-- Your goal --
Every entry below should be returned exactly as it appears, with pictures left out.

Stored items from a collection
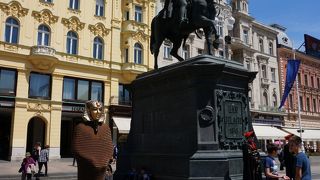 イェラチッチ広場にたっている銅像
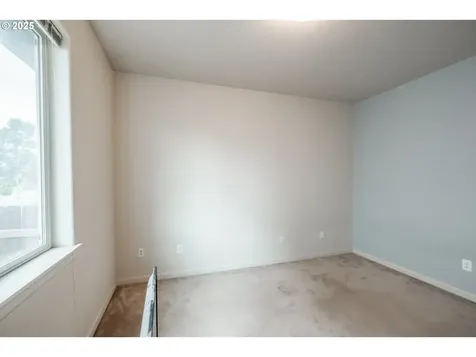 1026 Charlie Avenue Lebanon OR 97355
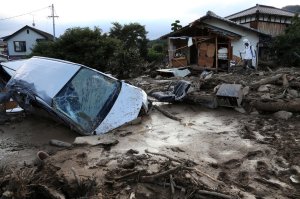 TOPSHOTS-JAPAN-WEATHER-DISASTER-LANDSLIDE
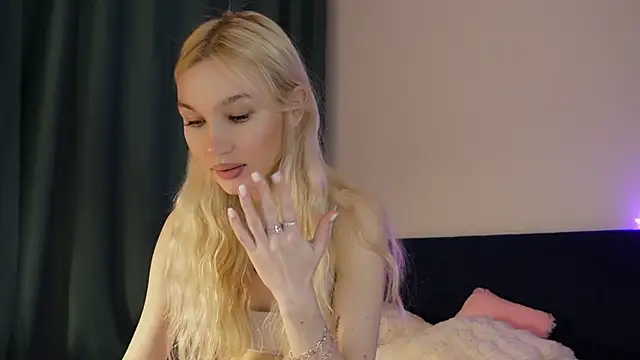 cuteleraay online show from 02/22/26, 08:54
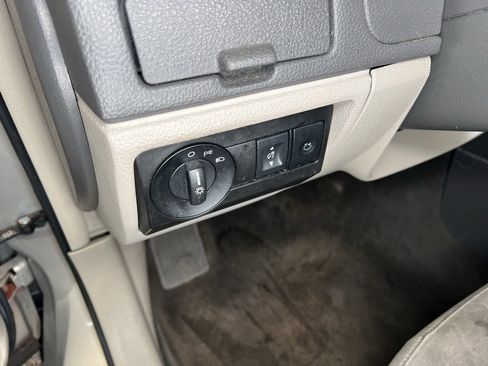 Used 2010 Mercury Milan image 13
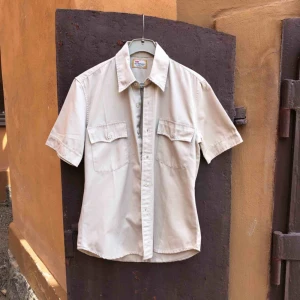  - Levis skjorta  STA-PREST i fint skick. Från sent 90-tal. 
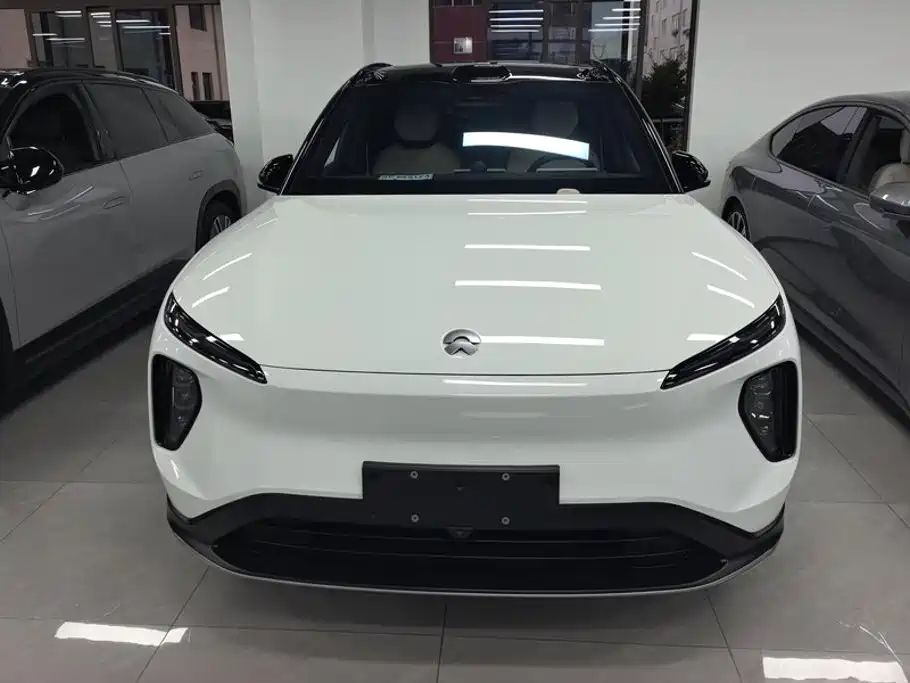 Фото 2 - NIO ES6
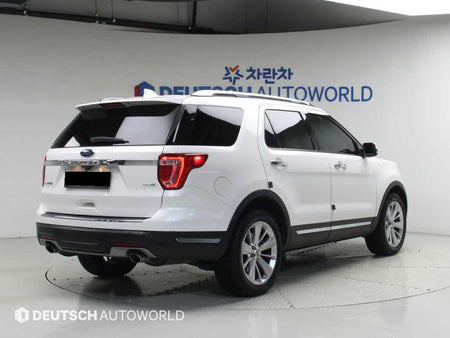 Ford Explorer — photo 02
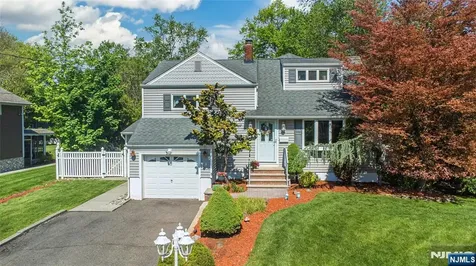 25 Meadow Drive Little Falls NJ 07424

-- Exercise solution --
 イェラチッチ広場にたっている銅像
 1026 Charlie Avenue Lebanon OR 97355
 TOPSHOTS-JAPAN-WEATHER-DISASTER-LANDSLIDE
 cuteleraay online show from 02/22/26, 08:54
 Used 2010 Mercury Milan image 13
  - Levis skjorta  STA-PREST i fint skick. Från sent 90-tal. 
 Фото 2 - NIO ES6
 Ford Explorer — photo 02
 25 Meadow Drive Little Falls NJ 07424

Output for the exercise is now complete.